EXERCISE BRIEF :: From the line containing "Used 2025 Audi" to the end of the listing, copy each line exactly and leave out all others.

EXTRACTED DATA ::
------

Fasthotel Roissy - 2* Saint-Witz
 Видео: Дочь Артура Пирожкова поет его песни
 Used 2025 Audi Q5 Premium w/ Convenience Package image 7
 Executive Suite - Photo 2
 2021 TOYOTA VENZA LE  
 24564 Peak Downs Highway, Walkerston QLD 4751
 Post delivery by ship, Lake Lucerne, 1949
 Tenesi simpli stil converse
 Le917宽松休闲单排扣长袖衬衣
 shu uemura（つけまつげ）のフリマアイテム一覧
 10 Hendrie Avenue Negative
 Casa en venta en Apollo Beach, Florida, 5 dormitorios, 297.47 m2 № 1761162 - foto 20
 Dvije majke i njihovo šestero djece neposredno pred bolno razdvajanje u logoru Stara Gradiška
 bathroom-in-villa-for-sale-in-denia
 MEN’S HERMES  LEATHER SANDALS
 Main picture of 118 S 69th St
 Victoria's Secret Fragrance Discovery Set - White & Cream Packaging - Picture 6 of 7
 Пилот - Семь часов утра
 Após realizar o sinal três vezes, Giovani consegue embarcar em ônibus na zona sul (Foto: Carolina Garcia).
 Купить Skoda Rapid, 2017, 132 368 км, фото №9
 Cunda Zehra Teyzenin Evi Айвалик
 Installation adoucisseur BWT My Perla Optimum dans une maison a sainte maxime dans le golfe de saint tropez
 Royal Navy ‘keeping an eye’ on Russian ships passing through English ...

------

ANSWER ::
 Used 2025 Audi Q5 Premium w/ Convenience Package image 7
 Executive Suite - Photo 2
 2021 TOYOTA VENZA LE  
 24564 Peak Downs Highway, Walkerston QLD 4751
 Post delivery by ship, Lake Lucerne, 1949
 Tenesi simpli stil converse
 Le917宽松休闲单排扣长袖衬衣
 shu uemura（つけまつげ）のフリマアイテム一覧
 10 Hendrie Avenue Negative
 Casa en venta en Apollo Beach, Florida, 5 dormitorios, 297.47 m2 № 1761162 - foto 20
 Dvije majke i njihovo šestero djece neposredno pred bolno razdvajanje u logoru Stara Gradiška
 bathroom-in-villa-for-sale-in-denia
 MEN’S HERMES  LEATHER SANDALS
 Main picture of 118 S 69th St
 Victoria's Secret Fragrance Discovery Set - White & Cream Packaging - Picture 6 of 7
 Пилот - Семь часов утра
 Após realizar o sinal três vezes, Giovani consegue embarcar em ônibus na zona sul (Foto: Carolina Garcia).
 Купить Skoda Rapid, 2017, 132 368 км, фото №9
 Cunda Zehra Teyzenin Evi Айвалик
 Installation adoucisseur BWT My Perla Optimum dans une maison a sainte maxime dans le golfe de saint tropez
 Royal Navy ‘keeping an eye’ on Russian ships passing through English ...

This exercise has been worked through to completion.